Arts Research and Documentation
2003-2004

Grant Period: Over two years

PUKAR is an innovative and experimental initiative that aims to contribute to a global debate about urbanisation and globalisation.

Principal Investigator: Abhay Sardesai

This project involves the documentation of literary and cultural activity in the different languages spoken in Mumbai, both in order to create an archive of the city’s literary history as well as to facilitate translation between these languages.

PUKAR sees the project as rooted in and deriving relevance from a particular understanding of cosmopolitanism. They would like the project to underline the cosmopolitanism inherent in non-English literary practices and in the interaction between them. By emphasising an understanding of the cosmopolitan as that which involves an active collaboration between multiple cultural practices rather than the erasure of existing cultural markers, they are also attempting a re-examination of the very idea of cosmopolitanism and urban culture.

This particular project – concerning what they call Mumbai’s cosmopolitan archive – has grown out of a larger ongoing project called ‘Writing Across the City’. The latter project is more generally concerned with the various ‘cultures of writing’ in Mumbai – both literary and extra-literary – across different languages, forms and genres. The purpose of this project is to examine how writing contributes to the construction of a public sphere, by locating writers and writing within an urban setting.

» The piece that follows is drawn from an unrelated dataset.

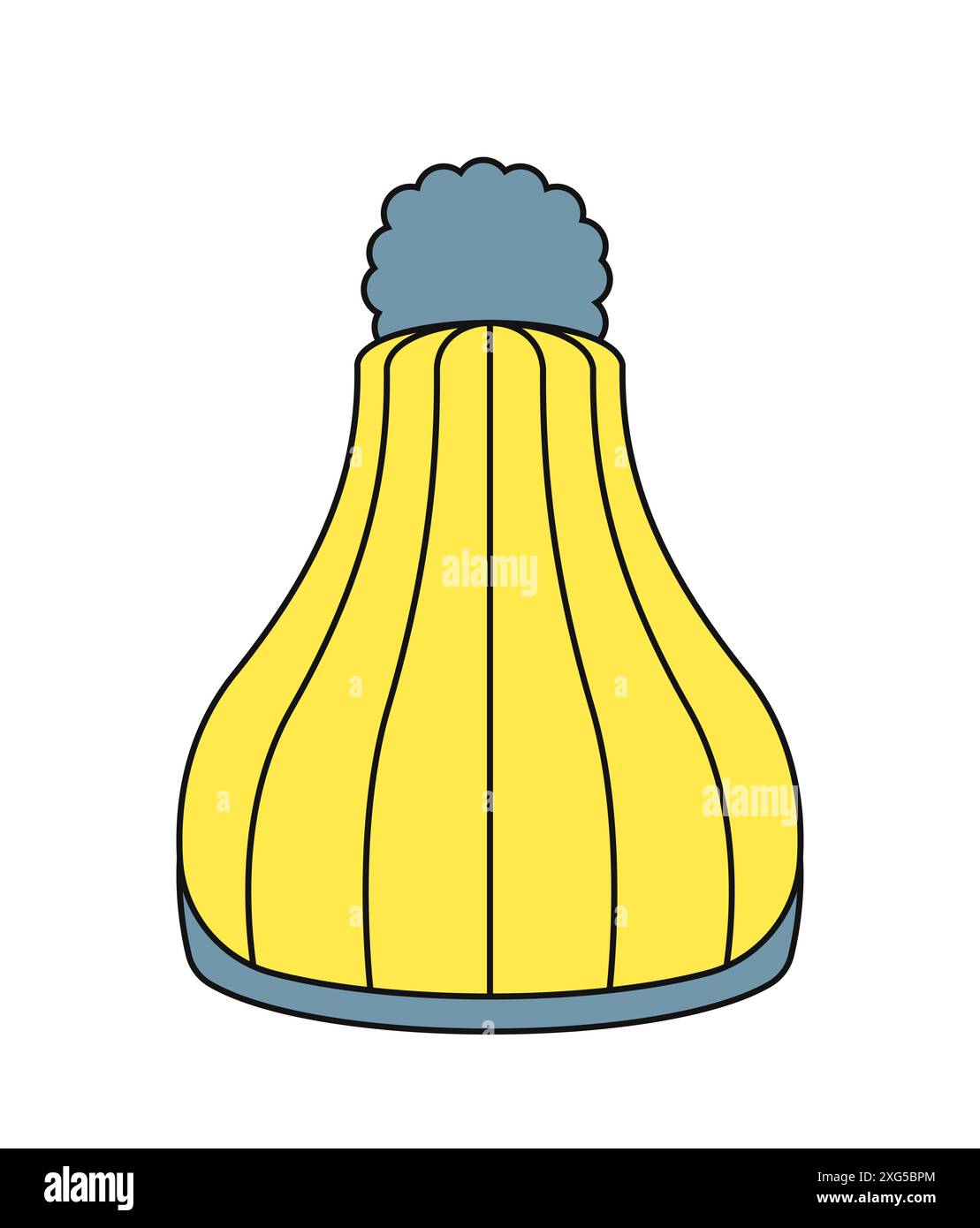 Concept de chapeau d'hiver mignon. Casquette jaune chaud en laine. Mode, tendance et style. Vêtements pour temps froid. Affiche, bannière ou couverture. Vecteur plat linéaire Illustration de Vecteur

This project is focused more specifically on the documentation of poetry, plays, fiction and theatre in nine languages – Marathi, Gujarati, Hindi, English, Konkani, Telugu, Kannada, Urdu and Sindhi. The documentation will include information about individuals who write in these languages, literary societies, theatre groups and publishers; The grant will also enable the documentation of texts in these languages, and the compilation of material for the archive both language-wise and that which can be organised around themes relevant to cosmopolitanism.

PUKAR has so far set up a Translation Laboratory for Marathi. The purpose of such a Laboratory, which they eventually wish to set up for the other languages identified, is to institute a series of translation exercises, the results of which PUKAR itself would publish; they see this project, insofar as it enables the creation of a database, as a springboard for the setting up of these multilingual translation laboratories.

At the same time, the organisation feels that acts of translation are vital to the documentation project itself. They describe the project as a documentation exercise that is at the same time a theoretical argument about the nature of cosmopolitanism in the city. This component is vital to the project’s political significance and the statement it wishes to make about the value of an alternative cosmopolitan narrative.